INSTRUCTIONS FOR THE TASK - Copy out the records in full, word for word, without pictures.

Image-caption web data:
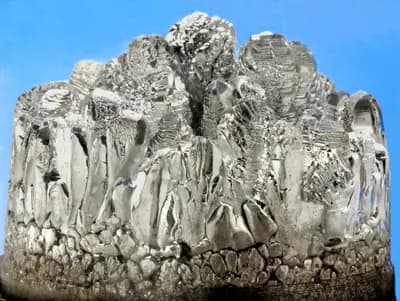 #2 Magnesium Glycinate — Top 10 Best Vitamins for Daily Use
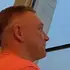 Я Константин, 42, знакомлюсь для общения в Амстердаме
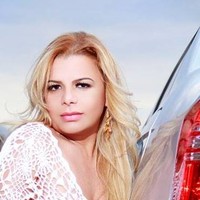 Marcelina Vieira de Jesus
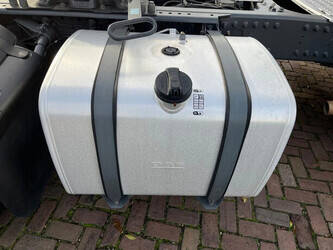 2022-daf-xf-480-ft-1438851-46362143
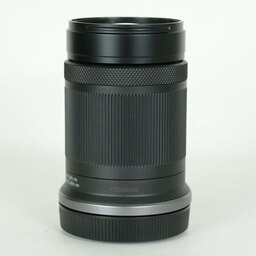 Canon RF-S55-210mm F5-7.1 IS STM Canon RF-S55-210mm F5-7.1 IS STM
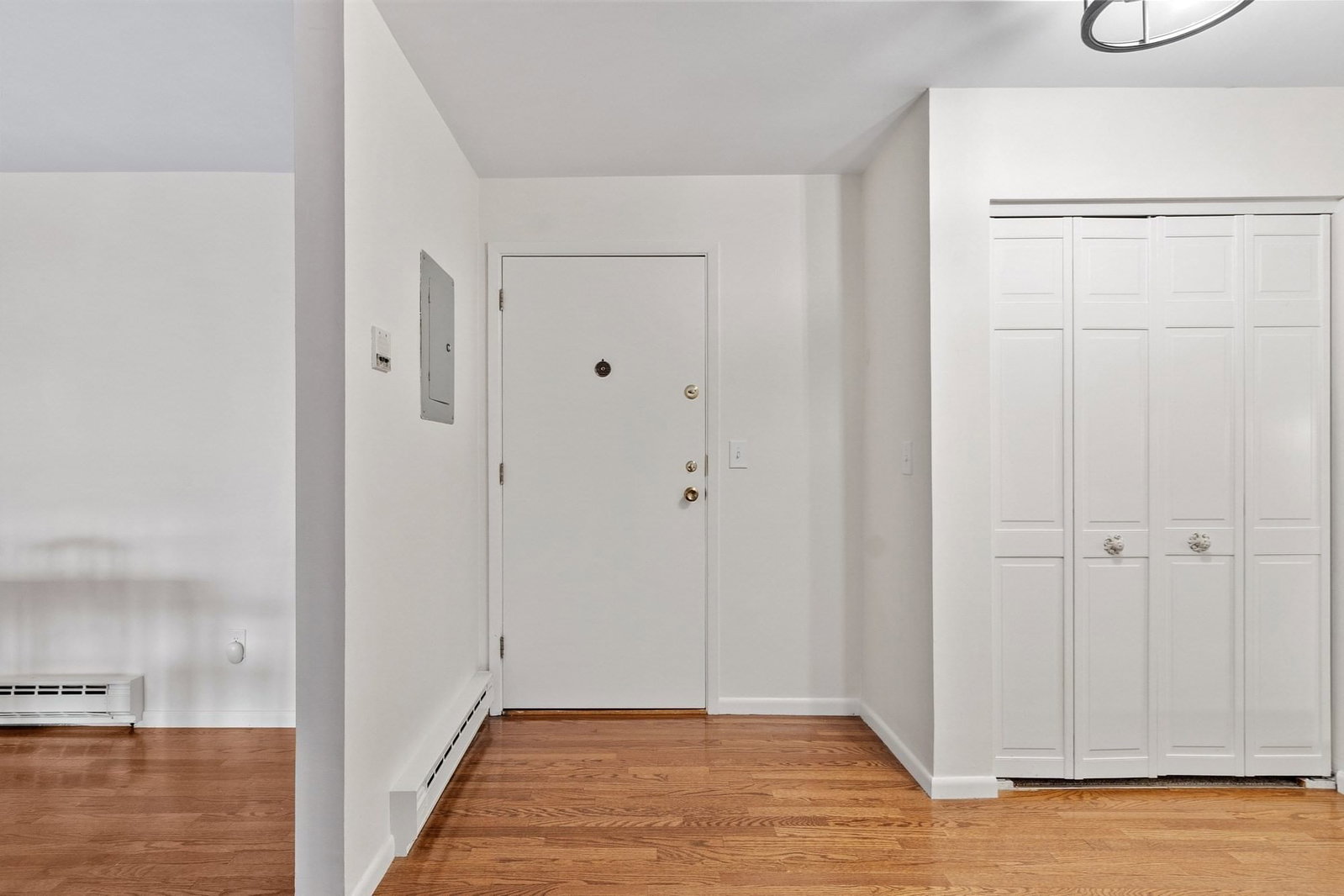 234 Nesmith St #14 Lowell — Photo 11 of 41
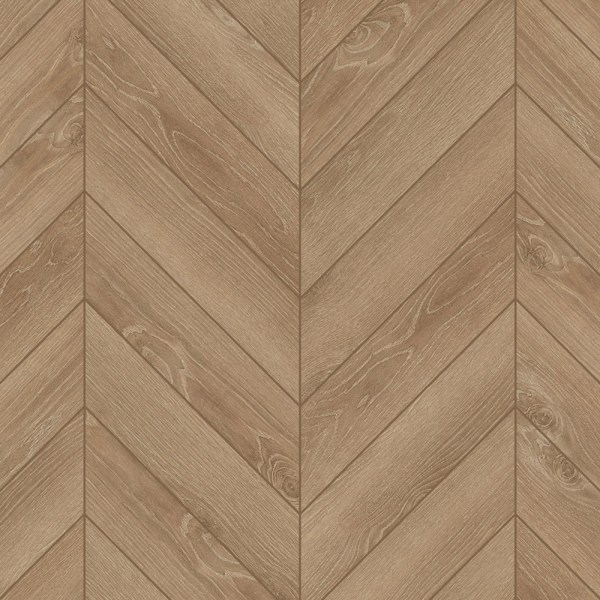 SPC Floor Aberhof ChevronVerdun 2165 Французская елка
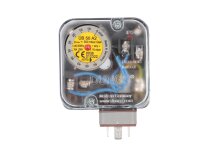 Реле давления Elco UB 50 A2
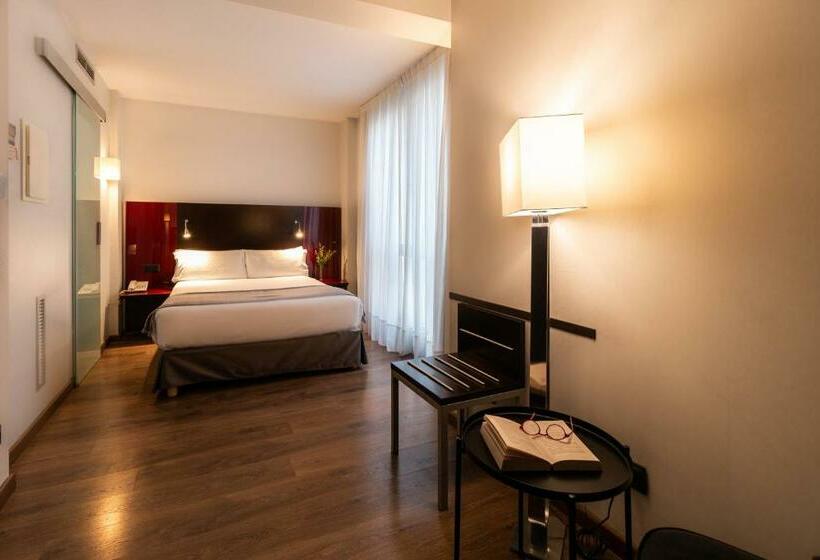 Номер Стандарт, Sm Hotel Sant Antoni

TASK RESULT -
 #2 Magnesium Glycinate — Top 10 Best Vitamins for Daily Use
 Я Константин, 42, знакомлюсь для общения в Амстердаме
 Marcelina Vieira de Jesus
 2022-daf-xf-480-ft-1438851-46362143
 Canon RF-S55-210mm F5-7.1 IS STM Canon RF-S55-210mm F5-7.1 IS STM
 234 Nesmith St #14 Lowell — Photo 11 of 41
 SPC Floor Aberhof ChevronVerdun 2165 Французская елка
 Реле давления Elco UB 50 A2
 Номер Стандарт, Sm Hotel Sant Antoni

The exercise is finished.